**The input**
- - -

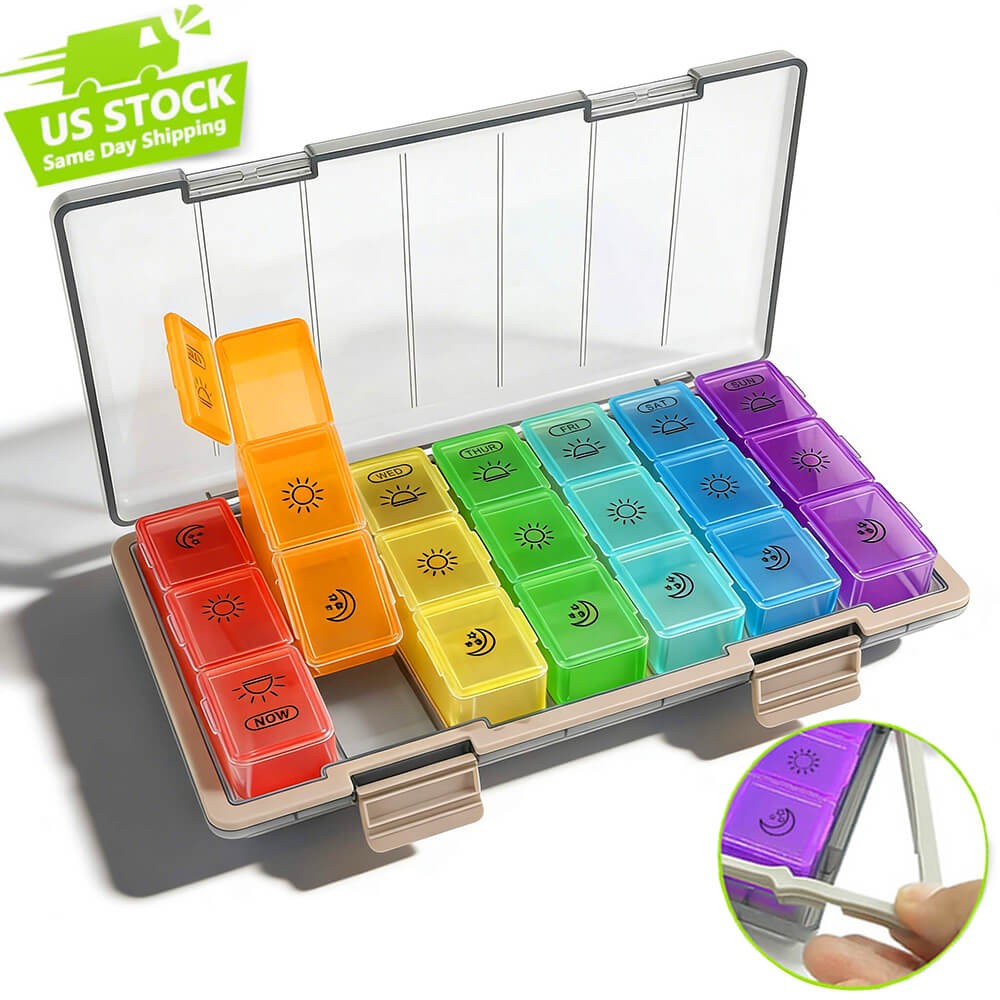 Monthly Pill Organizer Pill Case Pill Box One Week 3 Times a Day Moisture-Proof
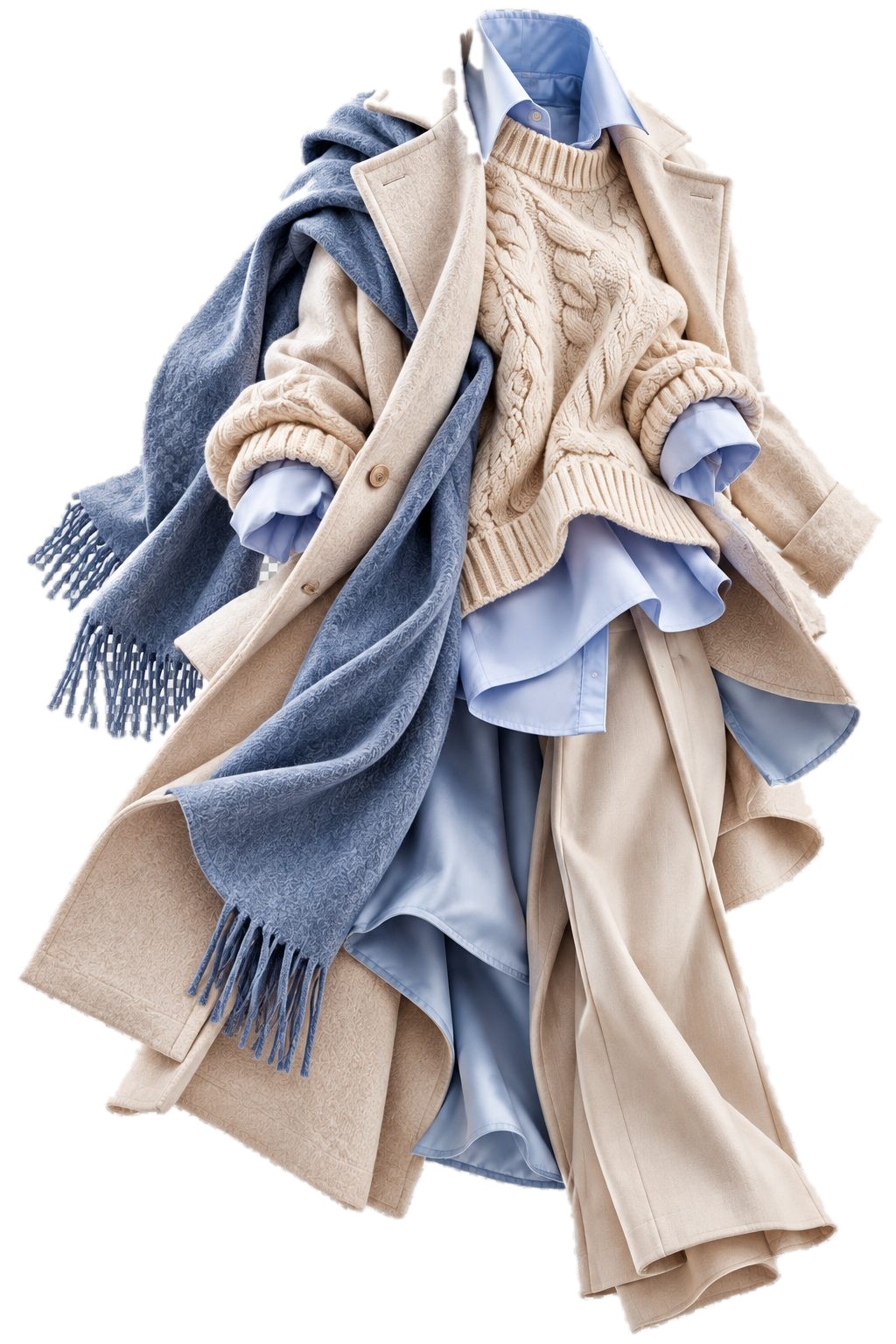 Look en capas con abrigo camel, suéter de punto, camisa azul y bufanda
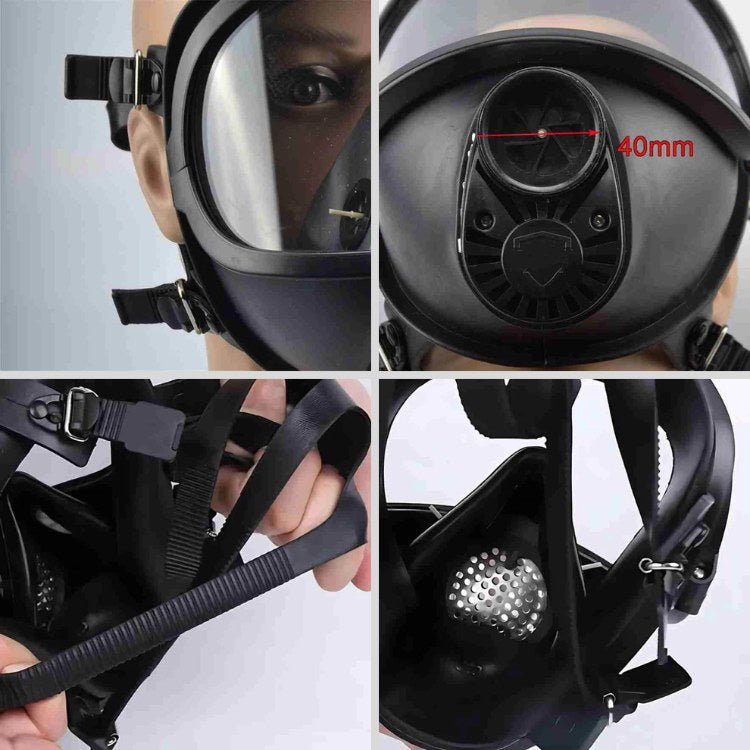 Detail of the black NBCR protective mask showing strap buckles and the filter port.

- - -

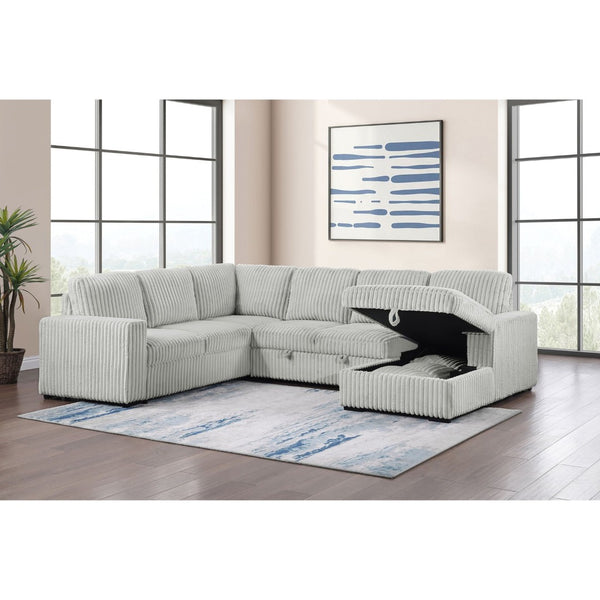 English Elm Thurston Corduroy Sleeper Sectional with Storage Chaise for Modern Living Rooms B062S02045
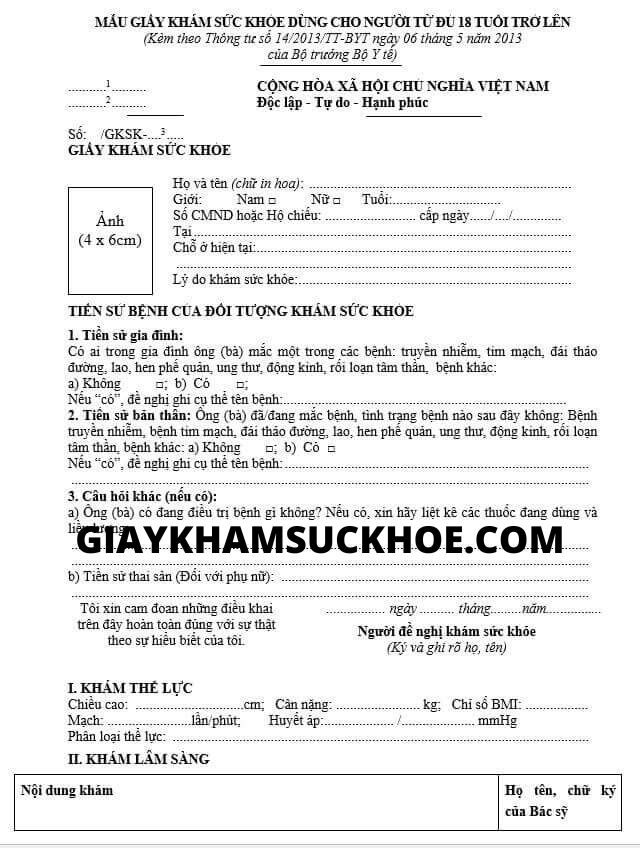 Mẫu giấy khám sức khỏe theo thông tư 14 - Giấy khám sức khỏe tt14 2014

- - -

**Task requirements**
From the records above, give again only the part that opens with the line containing "English Elm Thurston" and closes with the line containing "Mẫu giấy khám". Keep both ends but drop the pictures.

**Answer box**
 English Elm Thurston Corduroy Sleeper Sectional with Storage Chaise for Modern Living Rooms B062S02045
 Mẫu giấy khám sức khỏe theo thông tư 14 - Giấy khám sức khỏe tt14 2014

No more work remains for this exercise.